3. Buffering — hold logs when the destination is slow or down (memory/disk buffers in the pipeline tool).
4. Delivery — send to destinations (Elasticsearch, Loki, S3, Datadog). Many tools combine multiple stages.

L2 (1 questions)¶

1. Your log pipeline is dropping logs during traffic spikes. What is backpressure and how do you configure the pipeline to handle it?

Show answer

Backpressure occurs when the pipeline produces data faster than the destination can consume it. Solutions: (1) Add disk-based buffering so logs are not lost when memory fills. (2) Increase destination write capacity. (3) Configure retry with exponential backoff. (4) Set up a dead-letter queue for undeliverable logs. (5) In Fluentbit/Vector, tune buffer_size and flush intervals.
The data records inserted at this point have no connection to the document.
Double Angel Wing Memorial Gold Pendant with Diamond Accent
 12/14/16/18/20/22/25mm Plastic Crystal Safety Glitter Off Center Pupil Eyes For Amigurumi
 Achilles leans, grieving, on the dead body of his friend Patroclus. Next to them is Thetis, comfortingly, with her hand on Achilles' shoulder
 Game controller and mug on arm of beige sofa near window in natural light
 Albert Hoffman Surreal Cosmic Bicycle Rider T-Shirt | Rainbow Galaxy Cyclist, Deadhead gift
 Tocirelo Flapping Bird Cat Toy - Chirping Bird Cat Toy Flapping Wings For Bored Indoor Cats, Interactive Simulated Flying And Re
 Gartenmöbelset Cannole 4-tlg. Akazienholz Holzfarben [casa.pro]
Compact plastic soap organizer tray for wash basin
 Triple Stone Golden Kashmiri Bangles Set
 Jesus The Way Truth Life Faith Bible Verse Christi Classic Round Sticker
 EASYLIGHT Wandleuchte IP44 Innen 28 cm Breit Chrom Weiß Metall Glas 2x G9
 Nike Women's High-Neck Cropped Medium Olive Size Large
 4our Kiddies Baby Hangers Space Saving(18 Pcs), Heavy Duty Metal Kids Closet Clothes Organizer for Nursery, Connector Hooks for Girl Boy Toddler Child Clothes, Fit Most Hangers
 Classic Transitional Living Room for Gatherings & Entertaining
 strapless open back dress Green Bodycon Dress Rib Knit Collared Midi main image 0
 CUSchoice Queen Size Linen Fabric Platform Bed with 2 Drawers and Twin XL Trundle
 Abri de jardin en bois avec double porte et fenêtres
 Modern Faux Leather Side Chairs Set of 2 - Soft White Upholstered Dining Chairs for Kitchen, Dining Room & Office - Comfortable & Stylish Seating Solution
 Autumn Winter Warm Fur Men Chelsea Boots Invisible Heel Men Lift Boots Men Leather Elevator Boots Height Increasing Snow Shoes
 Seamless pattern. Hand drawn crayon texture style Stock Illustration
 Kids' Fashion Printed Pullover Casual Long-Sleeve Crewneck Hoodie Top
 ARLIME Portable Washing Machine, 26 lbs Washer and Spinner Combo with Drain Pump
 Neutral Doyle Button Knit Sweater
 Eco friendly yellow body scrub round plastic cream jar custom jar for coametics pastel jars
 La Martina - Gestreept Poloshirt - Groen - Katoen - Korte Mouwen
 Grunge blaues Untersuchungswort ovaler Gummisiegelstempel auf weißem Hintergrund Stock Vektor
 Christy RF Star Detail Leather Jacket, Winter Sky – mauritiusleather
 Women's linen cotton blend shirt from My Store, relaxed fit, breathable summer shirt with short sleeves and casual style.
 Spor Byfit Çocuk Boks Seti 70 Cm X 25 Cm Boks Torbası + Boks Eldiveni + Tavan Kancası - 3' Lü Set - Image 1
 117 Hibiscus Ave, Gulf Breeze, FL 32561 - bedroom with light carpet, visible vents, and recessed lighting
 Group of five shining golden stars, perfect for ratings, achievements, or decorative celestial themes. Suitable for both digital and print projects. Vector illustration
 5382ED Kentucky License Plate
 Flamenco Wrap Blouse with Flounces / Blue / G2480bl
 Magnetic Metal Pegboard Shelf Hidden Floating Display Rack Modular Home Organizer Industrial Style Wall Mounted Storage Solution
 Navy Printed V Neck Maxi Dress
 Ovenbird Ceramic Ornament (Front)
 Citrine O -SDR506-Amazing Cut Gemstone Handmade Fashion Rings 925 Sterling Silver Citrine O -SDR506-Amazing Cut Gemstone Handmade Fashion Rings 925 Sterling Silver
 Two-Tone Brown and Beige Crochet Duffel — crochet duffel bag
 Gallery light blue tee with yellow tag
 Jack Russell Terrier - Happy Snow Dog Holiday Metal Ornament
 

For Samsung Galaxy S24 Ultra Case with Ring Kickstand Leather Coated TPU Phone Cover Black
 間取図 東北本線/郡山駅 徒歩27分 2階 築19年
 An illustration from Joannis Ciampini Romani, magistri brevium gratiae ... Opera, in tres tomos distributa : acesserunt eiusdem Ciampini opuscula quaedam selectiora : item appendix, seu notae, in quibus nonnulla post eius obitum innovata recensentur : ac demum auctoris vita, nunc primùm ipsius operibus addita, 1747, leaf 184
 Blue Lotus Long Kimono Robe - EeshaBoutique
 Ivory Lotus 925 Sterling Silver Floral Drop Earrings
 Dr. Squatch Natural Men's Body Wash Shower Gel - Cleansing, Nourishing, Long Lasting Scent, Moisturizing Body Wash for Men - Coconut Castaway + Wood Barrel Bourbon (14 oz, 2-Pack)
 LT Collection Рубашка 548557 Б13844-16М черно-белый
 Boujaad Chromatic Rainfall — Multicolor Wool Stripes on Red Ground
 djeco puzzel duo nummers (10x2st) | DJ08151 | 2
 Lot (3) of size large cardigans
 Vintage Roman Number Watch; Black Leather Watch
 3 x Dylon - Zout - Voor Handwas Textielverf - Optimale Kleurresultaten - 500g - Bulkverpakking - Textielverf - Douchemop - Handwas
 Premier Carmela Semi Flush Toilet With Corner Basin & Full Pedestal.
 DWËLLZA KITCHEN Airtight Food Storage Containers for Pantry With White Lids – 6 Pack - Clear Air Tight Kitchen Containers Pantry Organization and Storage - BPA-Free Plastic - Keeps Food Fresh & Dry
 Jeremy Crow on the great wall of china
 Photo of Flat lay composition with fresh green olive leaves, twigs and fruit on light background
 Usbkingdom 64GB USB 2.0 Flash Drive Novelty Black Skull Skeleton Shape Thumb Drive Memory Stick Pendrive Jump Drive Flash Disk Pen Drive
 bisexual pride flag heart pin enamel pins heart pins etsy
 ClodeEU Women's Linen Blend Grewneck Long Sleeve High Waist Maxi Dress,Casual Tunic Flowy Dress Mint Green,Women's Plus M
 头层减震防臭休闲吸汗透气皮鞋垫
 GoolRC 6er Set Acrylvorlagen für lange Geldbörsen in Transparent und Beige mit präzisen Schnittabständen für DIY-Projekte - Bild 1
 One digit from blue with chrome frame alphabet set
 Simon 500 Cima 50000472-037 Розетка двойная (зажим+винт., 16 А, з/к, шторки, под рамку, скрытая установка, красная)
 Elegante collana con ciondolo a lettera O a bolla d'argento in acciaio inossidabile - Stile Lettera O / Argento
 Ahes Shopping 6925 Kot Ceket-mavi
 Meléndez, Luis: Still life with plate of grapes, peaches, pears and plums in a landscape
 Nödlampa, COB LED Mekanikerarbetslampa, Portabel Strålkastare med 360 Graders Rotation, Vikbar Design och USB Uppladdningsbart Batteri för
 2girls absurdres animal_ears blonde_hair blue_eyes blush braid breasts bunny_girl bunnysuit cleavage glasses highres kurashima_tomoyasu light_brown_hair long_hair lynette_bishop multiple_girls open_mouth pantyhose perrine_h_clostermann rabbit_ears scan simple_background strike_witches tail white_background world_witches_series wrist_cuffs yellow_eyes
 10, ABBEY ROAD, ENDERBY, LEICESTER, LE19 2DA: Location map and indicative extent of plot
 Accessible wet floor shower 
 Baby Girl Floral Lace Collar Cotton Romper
The goal is at-least-once delivery — accept potential duplicates over data loss.

L3 (1 questions)¶

1. You are designing a log pipeline for a 500-node Kubernetes cluster producing 10TB/day of logs. What architecture do you use?

Show answer

Two-tier architecture: (1) Lightweight agents per node (Fluentbit as DaemonSet) for collection and basic filtering — drop debug logs, add metadata. (2) Aggregation layer (Fluentd or Vector as a separate Deployment) for heavy parsing, enrichment, routing. Route: hot logs (errors, security) to Elasticsearch/Loki for real-time query, cold logs to S3 with lifecycle policies. Use Kafka as a buffer between tiers for durability. Set resource limits on DaemonSet to prevent log agents from starving application pods.